Our energy and passion has not always overcome the discipline of the 45-years of liberal collectivism and the manipulation of power. Conservatives have the added disadvantage of pushing back against a half-century of a culture of entitlement, a culture of “if it feels good do it” and a culture that does not recognize individual effort, accountability or responsibility. If we were in a strictly political fight, a “fair fight” where everyone played by the same rules and accepted the outcome of elections, conservatives would be well on the way to taking back our country.

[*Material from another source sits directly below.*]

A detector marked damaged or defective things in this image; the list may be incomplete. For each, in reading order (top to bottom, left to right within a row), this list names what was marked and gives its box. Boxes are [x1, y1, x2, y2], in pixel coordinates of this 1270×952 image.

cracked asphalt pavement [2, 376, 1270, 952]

Senator Sherrod Brown [D, OH] is one of the most liberal senators in the United States and is up for re-election in 2012. President Obama will run for re-election in 2012. All 99-seats in the Ohio House, one-third of the Ohio Senate, all Ohio Congressional representatives, numerous local county commissioners, school boards, township trustees, and fiscal officers will also be running. Conservatives will not win every campaign and we don’t have the resources to run in every race. Our strategy must be to engage in the races we can win and to target the races that will have the most impact on the direction of our country.
Unlike liberals who want the candidate that can win and who will support the collective, conservatives look for the “perfect” candidate. Not strong enough on immigration – nope won’t vote for him. Supported cap and trade for a brief moment, can’t trust that guy. A black conservative who joins the Congressional Black Caucus to prove a point, well that’s a disappointment and he can no longer be supported. Guess what – just like there are no perfect people there are no perfect candidates. The lesser of two evils is never an attractive option, but sacrificing our future on the altar of “not good enough” is unacceptable.
It is unrealistic to demand 100% agreement, whether it is in our political life or our personal life. Life, not just politics, is the art of the achievable.
My father was fond of saying you have to fight the fight that’s in front of you, not the fight you want to fight. In Ohio, conservatives have to defeat Sherrod Brown, fully support the Republican nominee for President, back conservatives that have a realistic chance to win their race and elect every Republican judicial candidate on the ballot.